# A Hobbit's Life Expectancy Rate



## ingolmo (Apr 20, 2005)

I'm sorry if this has already been posted here, but I've been thinking about this for quite a long time: 
What is the average life expectancy rate of hobbits? 
In the Fellowship of the Ring, in the first chapter, in the second paragraph it is given that when Bilbo reaches the age of ninety without any sign of old age, the hobbit-folk call him well-preserved. 
Humans are usually called well-preserved if they reach the age of about fifty without any sign of old age. So, if hobbits call another fellow hobbit well-preserved at the age of ninety, their life-expectancy must be much more than that of humans. 
Feel free to post your thoughts and views. 
-Ingolmo


----------



## Wraithguard (Apr 20, 2005)

I would say the average lifespan is about that of a human if slightly more. Most likely around 80. If you take into consideration that Gerontius Took (Old Took) Reached an age of 130. I would say that their life expectancy is actually quite similar to Humans. I will do research


----------



## ingolmo (Apr 21, 2005)

It's probably a few decades more, about 95-110. If you look at appendix B at the end of the Return of the King, you'll see that both Merry and Pippin died at an age of more that 100, and Samwise was 102 when he passed over the Sea.
-Ingolmo


----------



## Alatar (Apr 21, 2005)

In FotR it says that Otho died at the ripe but dissapionted age of 102 so the avearage would be about 105.


----------



## Wraithguard (Apr 21, 2005)

I researched and you are mostly correct. It is in the range of 100-110.

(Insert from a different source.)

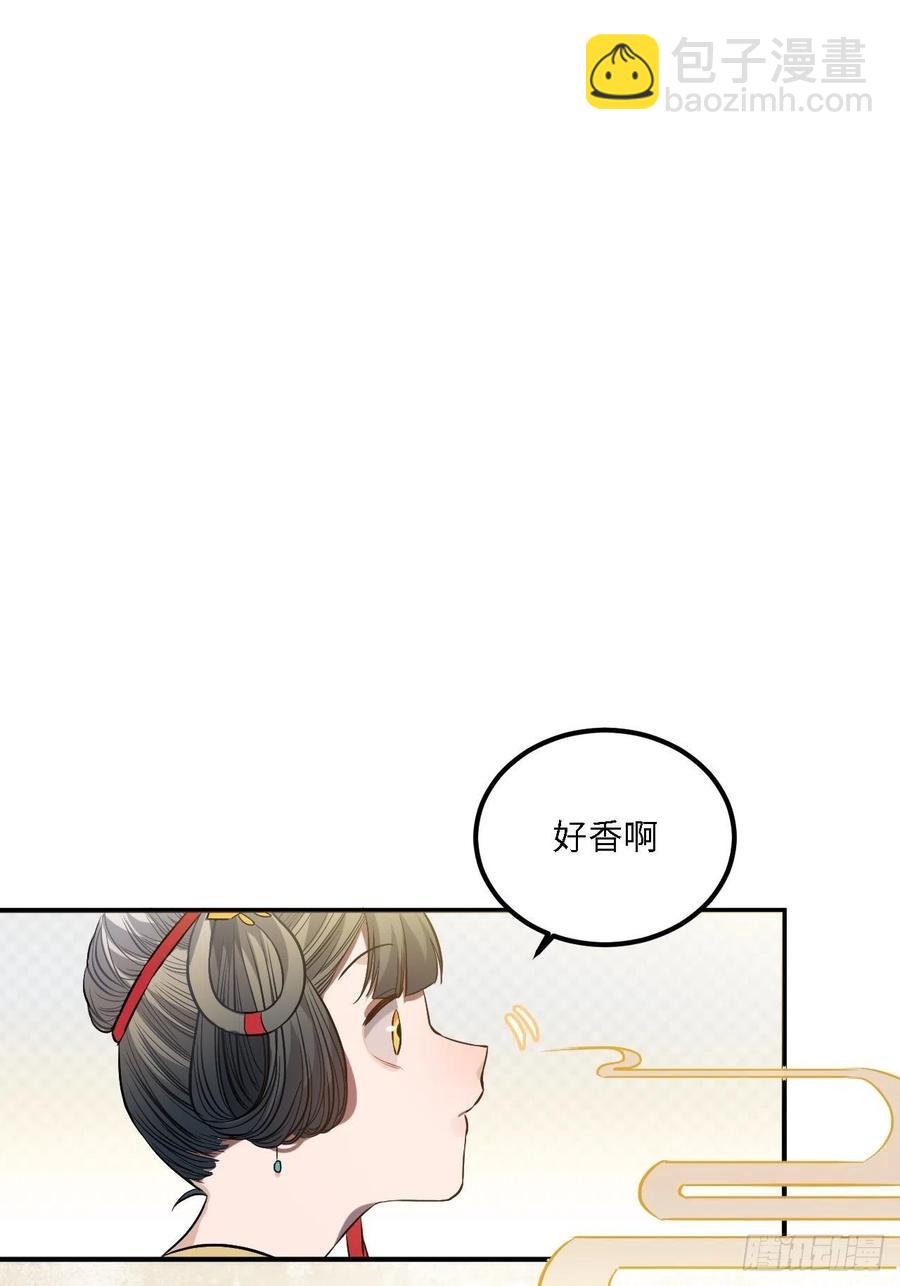 79.放心，他是男孩子！35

That should be about right.


----------



## ingolmo (Apr 22, 2005)

Thanks for your feedback Wraithguard and Alatar. Reaching the age of a hundred probably isn't such a big achievement with hobbits. Sure, I'd like to be a hobbit, they have so much time to just relax (though I'd like some Took blood, so that I'd take the ventures to sometimes travel and adventure outside the good ole Shire.
-Ingolmo


----------